Archaisms are most frequently encountered in history, poetry, fantasy literature, law, philosophy, science, technology, geography and ritual writing and speech. Archaisms are kept alive by these ritual and literary uses and by the study of older literature. Should they remain recognised, they can potentially be revived.

Because they are things of continual discovery and re-invention, science and technology have historically generated forms of speech and writing which have dated and fallen into disuse relatively quickly. However, the emotional associations of certain words have kept them alive, for example the archaic 'wireless' rather than 'radio' for a generation of British citizens who lived through the Second World War; but in recent years the term has been repurposed as a non-archaic term for wifi and cell-phone technology.

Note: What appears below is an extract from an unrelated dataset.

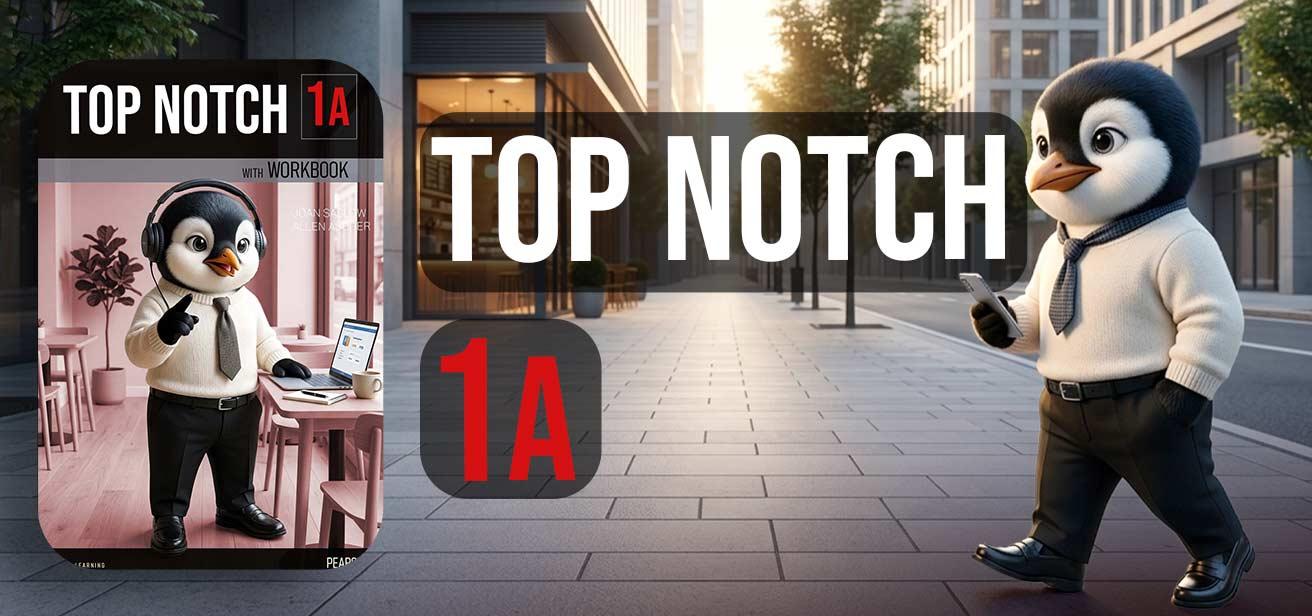 Top Notch 1A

A similar desire to evoke a former age means that archaic place names are frequently used in circumstances where doing so conveys a political or emotional subtext, or when the official new name is not recognised by all (for example: 'Madras' rather than 'Chennai'). So, a restaurant seeking to conjure up historic associations might prefer to call itself Old Bombay or refer to Persian cuisine in preference to using the newer place name. A notable contemporary example is the airline Cathay Pacific, which uses the archaic Cathay for China.

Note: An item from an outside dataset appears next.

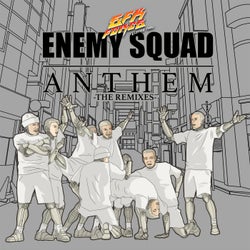 Enemy Squad Anthem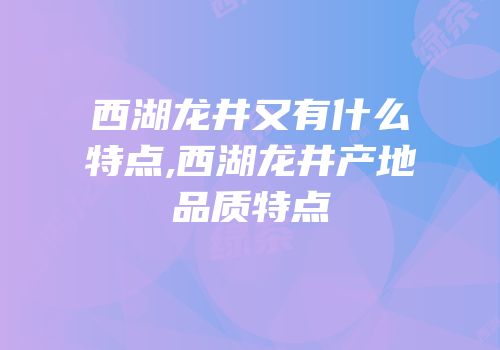 西湖龙井又有什么特点,西湖龙井产地品质特点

Archaisms are frequently misunderstood, leading to changes in usage. One example is the phrase "odd man out", which originally came from the phrase "to find the odd man out", where the verb "to find out" has been split by its object "the odd man", meaning the item which does not fit. The object + split verb has been reinterpreted as a noun + adjective, such that "out" describes the man rather than any verb.

The pronominal adverbs found in the writing of lawyers (e.g. heretofore, hereunto, thereof) are examples of archaisms as a form of jargon. Some phraseologies, especially in religious contexts, retain archaic elements that are not used in ordinary speech in any other context: "With this ring I thee wed." Archaisms are also used in the dialogue of historical novels to evoke the flavour of the period. Some may count as inherently funny words and are used for humorous effect.

== Examples ==
A type of archaism is the use of thou, the second-person singular pronoun that fell out of general use in the 17th century, while you, formerly only used to address groups, and then also to respectfully address individuals, is now used to address both individuals and groups. Thou is the nominative form; the oblique/objective form is thee (functioning as both accusative and dative), and the possessive is thy or thine.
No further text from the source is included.